Es ist äußerst interessant, die beiden bei der Wandlung ihrer Beziehung zu verfolgen. Aus Feindschaft wird Arrangement, aus Zweckbündnis wird… ja, vielleicht sogar Liebe. Die Handlung wird dadurch zwar ein wenig seichter, ist aber immer noch urkomisch und äußerst klug in Szene gesetzt worden.
Ohne wenn und aber also, eine absolute Kaufempfehlung auch für diese neueste Publikation der Wiener Künstlerin. Brillant. bv
MARVEL MONSTER EDITION 12: CAPTAIN AMERICA
Panini Comics/Marvel Deutschland
Dem altgedienten Weltkriegsveteranen Captain America wurde mal wieder ein Relaunch gegönnt, die neue Serie wird von Ed Brubaker (Gotham Central, Catwoman, Sleeper) geschrieben. Panini präsentiert uns seine ersten beiden längeren Stories kompakt in einer gewaltigen Monster-Edition. Und obwohl Brubaker darin mit mit Caps nicht so recht enden wollenden Vergangenheitstraumata und vorhersehbaren Auftritten von Red Skull, Nick Fury und Sharon Carter auf Altbewährtes setzt, gelingt es dem Autor, spannende Plots zu etablieren, die dank etlicher Rückblenden den Nährboden für schockierende Wendungen bereiten. Das Gute an der deutschen Umsetzung: Die wirklich weitreichende Geschichte, die sich schon jetzt über zig US-Hefte hinzieht, ist aufgrund des dicken Formats in einem großen Happen zu lesen, was den Lesefluss sehr fördert. Das Schlechte: Die teilweise sehr düsteren Zeichnungen von Steve Epting und Michael Lark finden auf dem rauen Papier kaum Anerkennung, sie wirken deshalb äußerst unpassend auf diesem „billigen“ Papier, das Schwarztöne ganz schlecht aussehen lässt. Andererseits kann man ja froh sein, dass die von Kritikern hochgelobte Reihe überhaupt das Licht der Welt auf dem deutschen Markt erblickt. bv
DIE UNSCHULDIGEN
Avant-Verlag/Kollektion Ignatz
Giuliano unternimmt mit seinem Neffen Andrea eine Fahrt zum Meer. Dort will Giuliano seinen alten Freund Valerio treffen, der zwölf Jahre hinter Gittern verbringen musste. Unterwegs erzählt Giuliano seinem Neffen von seiner und Valerios gemeinsamer Jugend, in der sie in der Vorstadt von Polizisten schikaniert wurden. Genau jene Erlebnisse, die auch damals zu Valerios Festnahme führten.

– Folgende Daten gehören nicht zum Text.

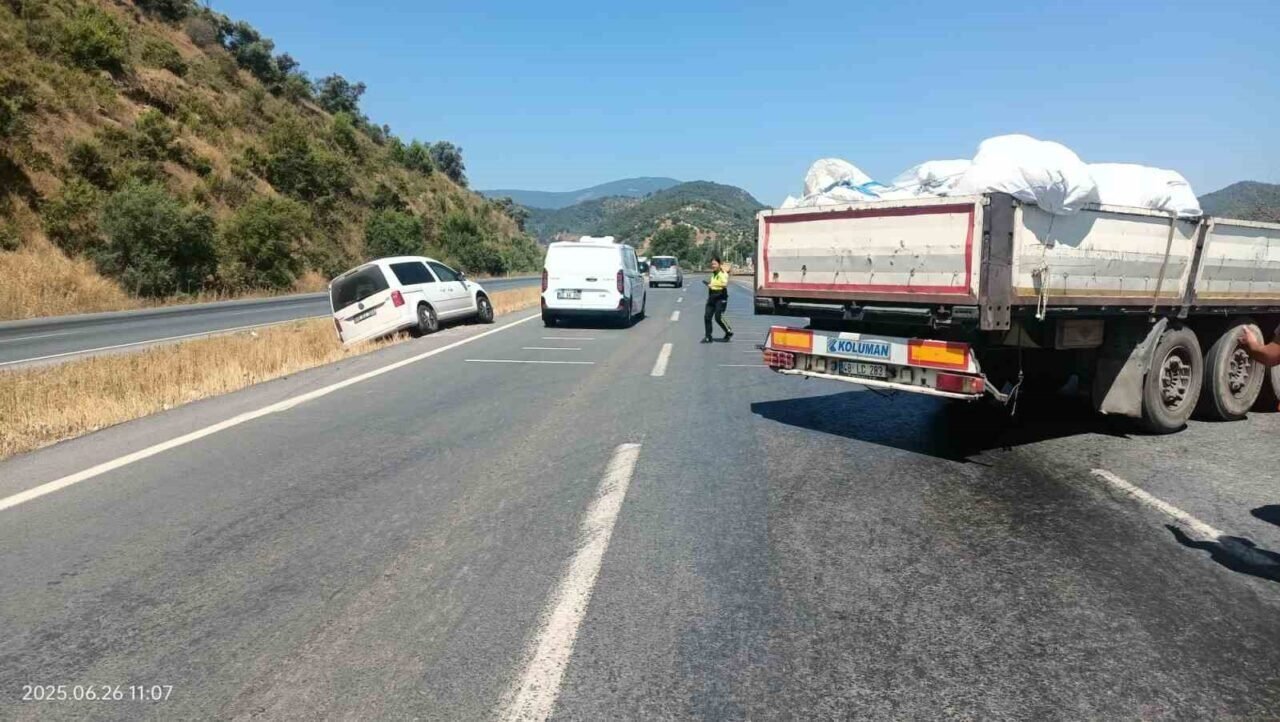 Milas-Söke Karayolu’nda trafik kazası Milas-Söke Karayolu’nda trafik kazası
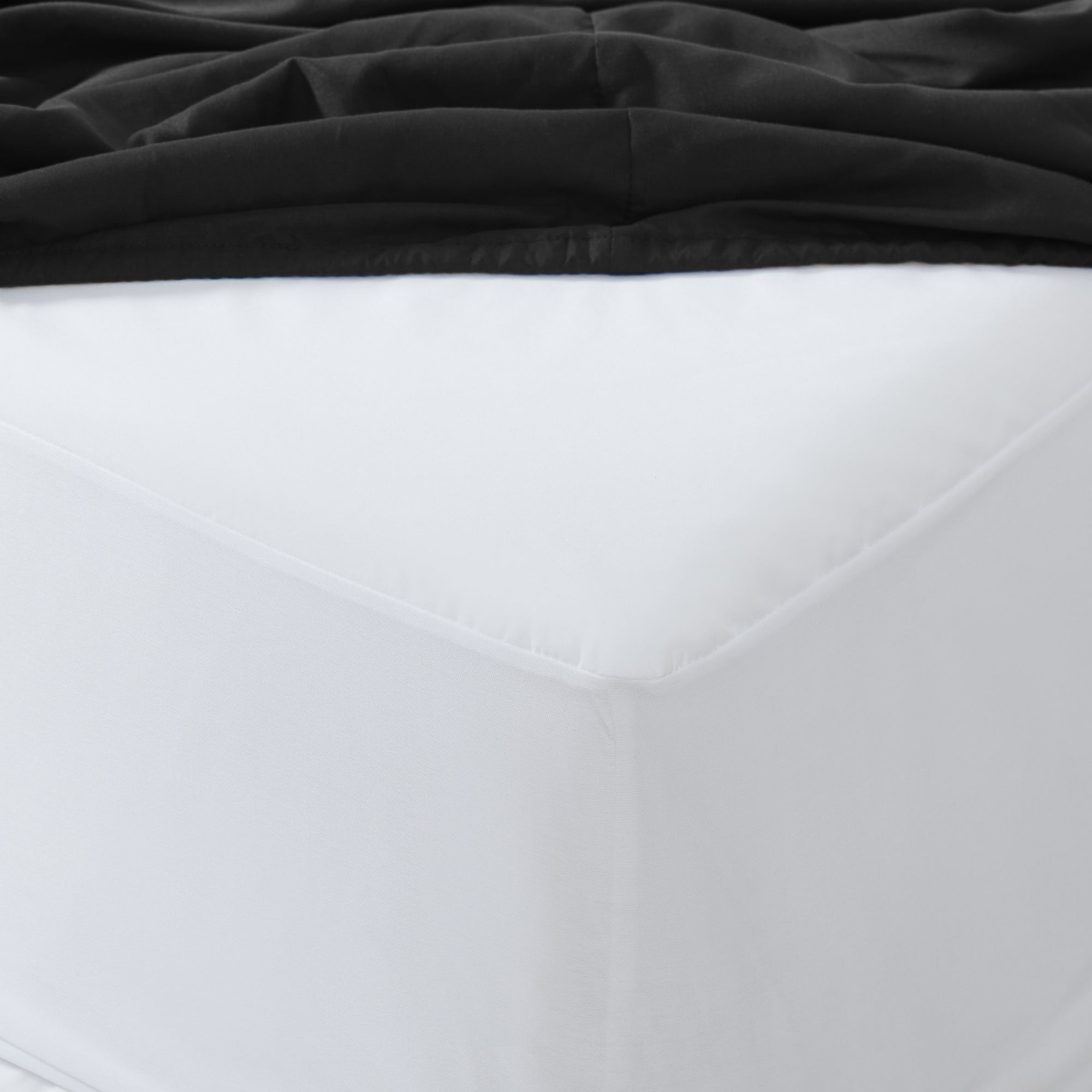 Dorm Room Essentials Twin XL Comforter Set Bedding ?– College-Ready Bundle with Comforter, Mattress Protector & Sheets with Pockets on the Side & Built-in Corner Strap ?– Media Pocket for Device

Der italienische Zeichner und Autor Gipi beeindruckt und überrascht mal wieder. Diesmal hat er sich für die Kollektion Ignatz seines Kollegen Igort eine Kurzgeschichte über zwei Freunde ausgedacht, deren Leben ab einem bestimmten Zeitpunkt in verschiedene Richtungen verlief. Diesen weiß Gipi mit Hilfe einiger Rückblenden genau zu datieren und legt damit genau den Finger auf die Wunde, denn dadurch erklärt er die Figur des Valerio, der zwar immer wieder als der mit Vorsicht zu genießende Bekannte von damals deklariert wird, im Grunde aber lediglich ein Produkt der unglücklichen Umstände seiner Jugend ist.

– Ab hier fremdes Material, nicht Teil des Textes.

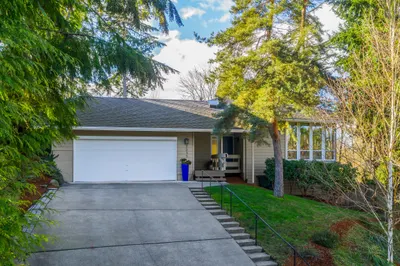 2233 109th Ave Ne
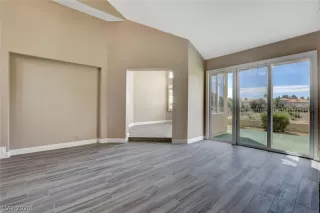 Photo #3: 2164448 Listing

Die Unschuldigen ist eine Parabel übers Erwachsenwerden, über Motiv und Unschuld. In sich schlüssig und sehr intelligent umgesetzt. bv
ELBSCHOCK! 1
Alligator Farm
Huch, was haben sich Karl Nagel und seine Crew von der Alligator-Farm dabei nur gedacht? In Comicform lassen sie Gewalt, Terror und schreckliches Grauen auf die gute alte Stadt Hamburg einprasseln. Die WM im eigenen Land wird zur Brutstätte von Anschlägen und Nazi-Gewaltbereitschaft, der brave Fan zum Flüchtigen im allgemeinen Chaos. Ein Alptraumszenario! Und das ist lediglich die Beschreibung einer der sechs Geschichten der ersten Ausgabe. Des weiteren enthalten sind so heikle Themen wie Kannibalismus, Geißelnahme, ein fast zum Tode gehungertes Kind und Alien-Schaulustige während der ultimativen Zerstörung der Erde. Harter Tobak also. Einiges ist direkt an die aktuelle Realität in Deutschland angelehnt, so dass trotz fast klassisch endenden Horrorkurzgeschichten der Bezug zum Hier und Jetzt nie ganz verloren geht.Elbschock! überspitzt diskret und weist auf Missstände in unserer Gesellschaft hin, nicht ohne dabei natürlich auch ein bisschen zu provozieren, z.B. wenn auf Seite 1 ein Mann mit dem Kopf einer Frau auf eine Tankstelle zuläuft. Das erinnert nicht von ungefähr an den Vorfall von Eißendorf kürzlich.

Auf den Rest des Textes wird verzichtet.